▶ **TO DO**
Could you set down exactly the lines in the records below between the line holding "First Ladies Red Dress Collection 2008-2009" and the line holding "Ice Lovers Quilt Blanket", inclusive?

▶ **EXERCISE DATA**
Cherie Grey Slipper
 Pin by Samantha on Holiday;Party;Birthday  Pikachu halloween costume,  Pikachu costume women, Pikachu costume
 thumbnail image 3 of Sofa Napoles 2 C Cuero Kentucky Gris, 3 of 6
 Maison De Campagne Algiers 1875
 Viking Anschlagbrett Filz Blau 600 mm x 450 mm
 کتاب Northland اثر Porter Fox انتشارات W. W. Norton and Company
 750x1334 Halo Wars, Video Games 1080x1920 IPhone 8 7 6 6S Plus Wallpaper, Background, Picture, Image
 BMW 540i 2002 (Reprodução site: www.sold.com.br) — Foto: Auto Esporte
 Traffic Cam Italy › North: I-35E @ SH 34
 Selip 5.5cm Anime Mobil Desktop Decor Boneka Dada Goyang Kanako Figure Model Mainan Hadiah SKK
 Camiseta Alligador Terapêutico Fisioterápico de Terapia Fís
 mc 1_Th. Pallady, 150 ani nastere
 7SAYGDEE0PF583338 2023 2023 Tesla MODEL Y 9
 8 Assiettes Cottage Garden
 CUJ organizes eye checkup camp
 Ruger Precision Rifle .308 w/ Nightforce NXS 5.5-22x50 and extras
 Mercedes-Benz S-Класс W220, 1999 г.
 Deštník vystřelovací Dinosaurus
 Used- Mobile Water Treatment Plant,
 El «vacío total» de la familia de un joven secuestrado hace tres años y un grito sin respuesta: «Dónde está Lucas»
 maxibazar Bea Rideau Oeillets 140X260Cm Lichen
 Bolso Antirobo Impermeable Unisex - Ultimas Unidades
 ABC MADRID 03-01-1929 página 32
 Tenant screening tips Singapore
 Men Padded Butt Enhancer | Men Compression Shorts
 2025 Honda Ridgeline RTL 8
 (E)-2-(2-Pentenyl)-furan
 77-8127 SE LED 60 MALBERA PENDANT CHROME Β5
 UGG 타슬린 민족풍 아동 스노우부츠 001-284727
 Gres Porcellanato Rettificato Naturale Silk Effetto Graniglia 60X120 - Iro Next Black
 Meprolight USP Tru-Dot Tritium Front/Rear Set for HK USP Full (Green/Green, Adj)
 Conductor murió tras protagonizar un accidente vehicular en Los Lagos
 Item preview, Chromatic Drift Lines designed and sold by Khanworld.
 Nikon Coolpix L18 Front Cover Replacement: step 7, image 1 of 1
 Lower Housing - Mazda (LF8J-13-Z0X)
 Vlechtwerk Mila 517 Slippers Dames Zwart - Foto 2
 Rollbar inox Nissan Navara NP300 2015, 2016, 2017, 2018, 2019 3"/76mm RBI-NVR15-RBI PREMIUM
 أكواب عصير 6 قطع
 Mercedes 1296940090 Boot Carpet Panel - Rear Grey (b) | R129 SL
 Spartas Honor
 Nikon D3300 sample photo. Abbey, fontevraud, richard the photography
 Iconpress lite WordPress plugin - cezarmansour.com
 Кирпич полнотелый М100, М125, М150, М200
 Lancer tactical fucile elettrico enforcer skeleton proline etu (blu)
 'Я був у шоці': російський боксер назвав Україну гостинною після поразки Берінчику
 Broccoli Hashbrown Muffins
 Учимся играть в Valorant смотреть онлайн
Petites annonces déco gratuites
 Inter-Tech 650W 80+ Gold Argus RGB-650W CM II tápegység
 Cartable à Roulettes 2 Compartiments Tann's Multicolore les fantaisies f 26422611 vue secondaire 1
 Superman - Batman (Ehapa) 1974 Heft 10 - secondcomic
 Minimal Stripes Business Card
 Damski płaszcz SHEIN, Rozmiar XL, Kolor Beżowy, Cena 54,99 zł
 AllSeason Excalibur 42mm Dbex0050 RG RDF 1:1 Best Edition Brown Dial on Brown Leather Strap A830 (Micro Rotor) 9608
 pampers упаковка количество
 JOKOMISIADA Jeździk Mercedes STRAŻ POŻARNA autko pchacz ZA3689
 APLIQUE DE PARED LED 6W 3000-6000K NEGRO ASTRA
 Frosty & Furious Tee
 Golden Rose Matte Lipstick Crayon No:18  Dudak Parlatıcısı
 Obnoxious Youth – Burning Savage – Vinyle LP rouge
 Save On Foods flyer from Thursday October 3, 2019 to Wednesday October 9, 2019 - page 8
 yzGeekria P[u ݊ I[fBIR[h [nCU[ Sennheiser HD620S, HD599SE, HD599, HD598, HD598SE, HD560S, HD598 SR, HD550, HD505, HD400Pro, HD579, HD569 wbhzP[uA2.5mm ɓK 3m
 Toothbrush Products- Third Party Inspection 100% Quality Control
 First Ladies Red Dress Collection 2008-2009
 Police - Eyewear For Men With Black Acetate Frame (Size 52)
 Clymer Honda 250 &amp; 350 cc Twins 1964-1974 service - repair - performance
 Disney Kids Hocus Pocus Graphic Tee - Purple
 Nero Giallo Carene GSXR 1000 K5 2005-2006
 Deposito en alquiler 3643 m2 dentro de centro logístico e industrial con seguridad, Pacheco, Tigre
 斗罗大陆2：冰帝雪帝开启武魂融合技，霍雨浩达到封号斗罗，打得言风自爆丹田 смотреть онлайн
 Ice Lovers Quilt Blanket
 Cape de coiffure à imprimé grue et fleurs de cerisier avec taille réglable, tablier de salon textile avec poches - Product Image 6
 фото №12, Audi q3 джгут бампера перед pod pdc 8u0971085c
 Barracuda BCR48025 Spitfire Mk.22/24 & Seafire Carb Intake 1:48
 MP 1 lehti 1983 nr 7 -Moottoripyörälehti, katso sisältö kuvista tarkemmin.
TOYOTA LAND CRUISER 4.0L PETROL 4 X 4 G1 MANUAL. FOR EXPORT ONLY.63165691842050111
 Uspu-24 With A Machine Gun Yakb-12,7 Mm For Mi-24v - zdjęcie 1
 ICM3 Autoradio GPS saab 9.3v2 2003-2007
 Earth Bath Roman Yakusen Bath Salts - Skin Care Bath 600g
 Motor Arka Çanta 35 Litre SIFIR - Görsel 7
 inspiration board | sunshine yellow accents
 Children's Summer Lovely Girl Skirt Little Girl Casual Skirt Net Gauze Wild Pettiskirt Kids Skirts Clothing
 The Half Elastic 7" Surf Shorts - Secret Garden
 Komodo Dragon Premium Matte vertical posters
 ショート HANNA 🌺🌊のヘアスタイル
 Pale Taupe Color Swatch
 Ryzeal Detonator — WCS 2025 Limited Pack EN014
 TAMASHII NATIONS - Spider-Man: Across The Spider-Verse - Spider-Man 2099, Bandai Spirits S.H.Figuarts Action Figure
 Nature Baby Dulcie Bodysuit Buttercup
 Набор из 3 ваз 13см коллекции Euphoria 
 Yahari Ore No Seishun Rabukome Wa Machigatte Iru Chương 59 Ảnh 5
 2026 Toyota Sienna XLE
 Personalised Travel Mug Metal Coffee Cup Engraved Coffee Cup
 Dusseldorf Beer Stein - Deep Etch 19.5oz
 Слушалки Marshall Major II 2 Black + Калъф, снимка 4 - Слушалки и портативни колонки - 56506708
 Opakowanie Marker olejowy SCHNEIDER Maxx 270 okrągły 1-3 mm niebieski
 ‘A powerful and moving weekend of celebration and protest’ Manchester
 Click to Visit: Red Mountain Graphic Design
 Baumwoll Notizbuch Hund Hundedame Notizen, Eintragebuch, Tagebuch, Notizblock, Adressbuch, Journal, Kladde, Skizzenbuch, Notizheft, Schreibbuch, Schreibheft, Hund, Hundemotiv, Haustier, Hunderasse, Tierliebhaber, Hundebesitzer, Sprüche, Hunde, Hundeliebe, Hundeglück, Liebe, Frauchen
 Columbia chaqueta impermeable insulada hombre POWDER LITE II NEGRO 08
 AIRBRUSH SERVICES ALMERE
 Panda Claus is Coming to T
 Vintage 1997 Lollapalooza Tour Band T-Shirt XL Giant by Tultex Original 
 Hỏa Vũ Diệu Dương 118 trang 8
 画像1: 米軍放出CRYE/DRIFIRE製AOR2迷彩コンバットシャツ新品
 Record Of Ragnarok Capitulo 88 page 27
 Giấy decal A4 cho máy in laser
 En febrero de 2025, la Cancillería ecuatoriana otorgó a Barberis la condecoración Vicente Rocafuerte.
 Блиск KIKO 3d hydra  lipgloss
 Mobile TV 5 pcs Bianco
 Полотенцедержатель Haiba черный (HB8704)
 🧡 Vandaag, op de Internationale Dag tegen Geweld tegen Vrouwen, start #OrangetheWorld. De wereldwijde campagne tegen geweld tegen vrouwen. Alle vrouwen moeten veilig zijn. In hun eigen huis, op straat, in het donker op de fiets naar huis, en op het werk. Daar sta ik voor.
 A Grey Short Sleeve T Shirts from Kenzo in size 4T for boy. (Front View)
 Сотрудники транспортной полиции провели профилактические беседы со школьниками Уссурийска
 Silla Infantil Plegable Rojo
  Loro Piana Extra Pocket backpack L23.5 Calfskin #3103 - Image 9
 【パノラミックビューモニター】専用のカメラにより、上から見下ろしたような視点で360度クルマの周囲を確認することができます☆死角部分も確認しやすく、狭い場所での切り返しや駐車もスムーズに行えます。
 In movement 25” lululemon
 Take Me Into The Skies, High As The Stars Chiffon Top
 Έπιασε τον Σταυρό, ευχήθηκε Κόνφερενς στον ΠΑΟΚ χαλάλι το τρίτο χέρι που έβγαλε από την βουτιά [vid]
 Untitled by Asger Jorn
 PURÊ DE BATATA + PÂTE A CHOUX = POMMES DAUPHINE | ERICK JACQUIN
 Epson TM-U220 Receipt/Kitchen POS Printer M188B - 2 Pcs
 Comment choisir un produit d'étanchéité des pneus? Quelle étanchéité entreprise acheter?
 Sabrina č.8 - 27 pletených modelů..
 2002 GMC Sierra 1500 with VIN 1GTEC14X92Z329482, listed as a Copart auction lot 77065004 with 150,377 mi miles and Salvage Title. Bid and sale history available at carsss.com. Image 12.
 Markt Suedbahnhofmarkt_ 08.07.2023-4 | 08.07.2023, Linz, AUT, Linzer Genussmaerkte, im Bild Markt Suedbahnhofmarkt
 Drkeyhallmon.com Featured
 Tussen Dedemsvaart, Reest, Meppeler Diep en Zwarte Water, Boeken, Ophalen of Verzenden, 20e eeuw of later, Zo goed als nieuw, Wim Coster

▶ **RESPONSE FOR THIS EXERCISE**
 First Ladies Red Dress Collection 2008-2009
 Police - Eyewear For Men With Black Acetate Frame (Size 52)
 Clymer Honda 250 &amp; 350 cc Twins 1964-1974 service - repair - performance
 Disney Kids Hocus Pocus Graphic Tee - Purple
 Nero Giallo Carene GSXR 1000 K5 2005-2006
 Deposito en alquiler 3643 m2 dentro de centro logístico e industrial con seguridad, Pacheco, Tigre
 斗罗大陆2：冰帝雪帝开启武魂融合技，霍雨浩达到封号斗罗，打得言风自爆丹田 смотреть онлайн
 Ice Lovers Quilt Blanket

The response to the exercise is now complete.